Oatmeal Raisin Cookies
• 1 cup raisins
• 1 cup granulated sugar
• 1/2 cup brown sugar
• 3/4 cup Crisco, butter flavored
• 1 teaspoon salt
• 1 teaspoon baking soda
• 1/2 teaspoon cinnamon
• 1 large egg
• 2 tablespoons water
• 1 teaspoon vanilla
• 2 cups oats
• 1/2 cup flake coconut
• 1 1/4 cups pastry flour
Note: Crisco can be substituted with 3/4 cup butter or margarine, but then you must skip the 2 tablespoons of water.
Soak raisins in a bowl by covering them completely with water; set aside.

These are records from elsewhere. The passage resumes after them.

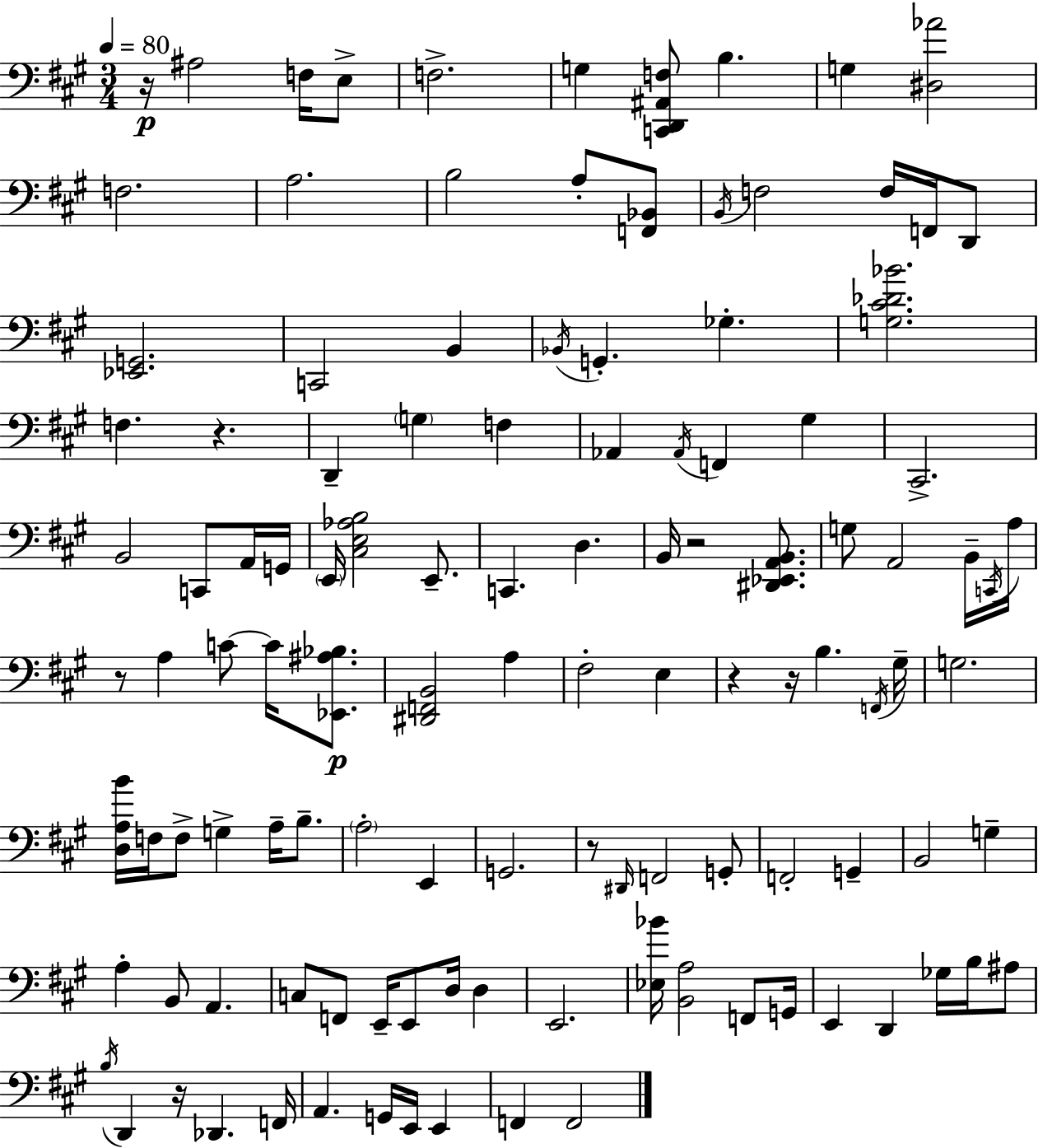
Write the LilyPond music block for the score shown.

{
  \clef bass
  \numericTimeSignature
  \time 3/4
  \key a \major
  \tempo 4 = 80
  r16\p ais2 f16 e8-> | f2.-> | g4 <c, d, ais, f>8 b4. | g4 <dis aes'>2 | \break f2. | a2. | b2 a8-. <f, bes,>8 | \acciaccatura { b,16 } f2 f16 f,16 d,8 | \break <ees, g,>2. | c,2 b,4 | \acciaccatura { bes,16 } g,4.-. ges4.-. | <g cis' des' bes'>2. | \break f4. r4. | d,4-- \parenthesize g4 f4 | aes,4 \acciaccatura { aes,16 } f,4 gis4 | cis,2.-> | \break b,2 c,8 | a,16 g,16 \parenthesize e,16 <cis e aes b>2 | e,8.-- c,4. d4. | b,16 r2 | \break <dis, ees, a, b,>8. g8 a,2 | b,16-- \acciaccatura { c,16 } a16 r8 a4 c'8~~ | c'16 <ees, ais bes>8.\p <dis, f, b,>2 | a4 fis2-. | \break e4 r4 r16 b4. | \acciaccatura { f,16 } gis16-- g2. | <d a b'>16 f16 f8-> g4-> | a16-- b8.-- \parenthesize a2-. | \break e,4 g,2. | r8 \grace { dis,16 } f,2 | g,8-. f,2-. | g,4-- b,2 | \break g4-- a4-. b,8 | a,4. c8 f,8 e,16-- e,8 | d16 d4 e,2. | <ees bes'>16 <b, a>2 | \break f,8 g,16 e,4 d,4 | ges16 b16 ais8 \acciaccatura { b16 } d,4 r16 | des,4. f,16 a,4. | g,16 e,16 e,4 f,4 f,2 | \break \bar "|."
}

In a large bowl, combine granulated sugar, brown sugar, Crisco, salt, baking soda and cinnamon. Blend with a hand or stand mixer.
Add the egg, water, vanilla, oats, coconut and flour. Blend everything until dough forms.
Drain raisins, then add them to the mixture. Drop by spoonful onto an ungreased cookie sheet. Dough may be stiff, so you can pat the cookies down.
Bake 10-12 minutes at 350 F. Cookies will be slightly browned on the bottom.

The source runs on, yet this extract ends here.